Touch of Evil (La Soif du Mal) (Orson Welles, 1958)

Le mal surgit quand la chaîne des promesses, des dettes, des reconnaissances et des représailles s’altère, se dérègle, se disloque

Le méchant du film s’appelle Hank Quinlan, c’est Orson Welles lui-même qui l’incarne. Il est flic depuis trente ans, le dérèglement a commencé il y a une quinzaine d’année, quand sa femme est morte étranglée1. On ne connait ni les circonstances de ce meurtre, ni celles du moment où sa jambe droite a été fracassée pour sauver la vie de son assistant Pete Menzies, qui depuis ne l’a jamais quitté. Ces événements qui touchent à sa famille et son corps ont déstabilisé son éthique de policier. Le but de l’homme n’est pas de s’enrichir, puisqu’il habite un petit ranch où il n’élève que des dindons, son souci est l’exemplarité, le prestige. En se présentant comme un détective exceptionnel, peut-être le meilleur de toute l’Amérique, il a prétendu que sa jambe abîmée lui procurait une intuition singulière, quasi-mystique, mais la vérité était toute autre : il cachait des preuves, en fabriquait de toutes pièces afin de livrer les coupables à ce qu’on nommait encore la justice – qui par ses soins aurait pu être surnommée l’injustice – bien qu’il lui arrive de ne pas se tromper (c’est le cas dans le présent film, par pur hasard). Il a lutté contre son alcoolisme, son addiction à la prostitution par une autre addiction : au succès. Il a réussi à faire croire à son talent alors qu’il multipliait les manœuvres, les calculs et même les crimes. Prétendant faire le bien, il était devenu entrepreneur du mal. Miguel Vargas, le bon policier mexicain, interprété par Charlton Heston (oui, le grand défenseur futur de la NRA2, ça ne s’invente pas) l’a cru corrompu. Il l’était effectivement, mais pas par appât de l’argent, il n’avait plus que la reconnaissance pour survivre. Son histoire ne situe pas l’origine du mal dans la violence ni la pulsion de destruction, mais dans une ambition professionnelle qui l’oblige aux compromis honteux, à la fraude organisée. Le mobile du mal est le positionnement dans la communauté. Tous les moyens sont bons pour prouver son efficacité, sa toute-puissance. Pour protéger sa crédibilité, dissimuler ses défaillances, Quinlan s’enferme dans le mensonge et la tricherie. Pour entretenir l’illusion du bien, il est prêt à toutes les instrumentalisations, tous les exercices. Il s’agit pour lui de respecter, à tout prix, sa promesse. Tout ce qui va dans ce sens est son allié, et tout ce qui se met sur sa route son ennemi. Pris dans cette logique, plus rien ne peut l’arrêter.

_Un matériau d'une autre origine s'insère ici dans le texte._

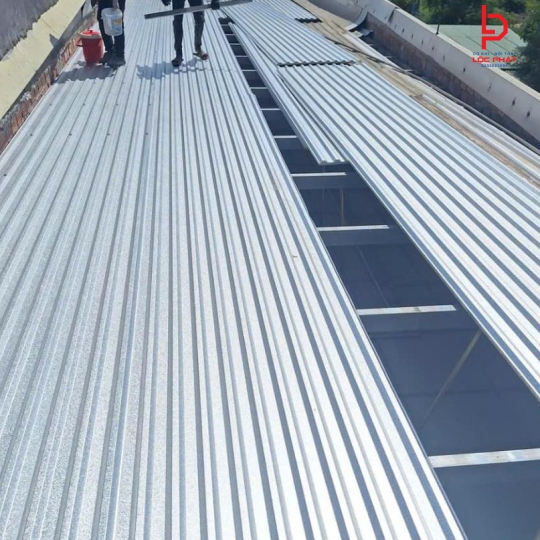 Thợ làm mái tôn giá rẻ tại Phường Vĩnh Tân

C’est une histoire de frontière : entre deux pays, deux hommes, deux addictions (alcool ou réussite), et bien sûr entre le souci du bien – qui fait parfois retour – et la fatalité du mal, omniprésente. Les deux policiers passent leur temps à franchir des postes douaniers plutôt mal gardés entre le Mexique et le Texas et réciproquement, avec une frontière réputée poreuse sur des centaines de kilomètres (on ne pouvait pas imaginer, à l’époque, les murs trumpistes). Tout est fait pour laisser entendre que cette frontière est une supercherie, une illusion, comme l’opposition bien/mal qui n’est que le masque de la continuité. Il en va de même pour la question de l’amour : entre l’amour légitime, conjugal, du couple Vargas, et l’amour illégitime, obscur, de Tanya la voyante tenancière de bordel (interprétée par Marlene Dietrich, dont c’est le dernier rôle), et Quinlan le flic en déchéance (Orson Welles lui-même), il y a à la fois contraste et continuité. Les premiers s’embrassent en public, mettent en scène leur cohésion, tandis que les seconds se cachent et ne se retrouvent que dans la mort. Il s’agit pourtant, dans l’un et l’autre cas, de relation amoureuse. C’est au spectateur de l’interpréter, de se demander lequel est le véritable amour.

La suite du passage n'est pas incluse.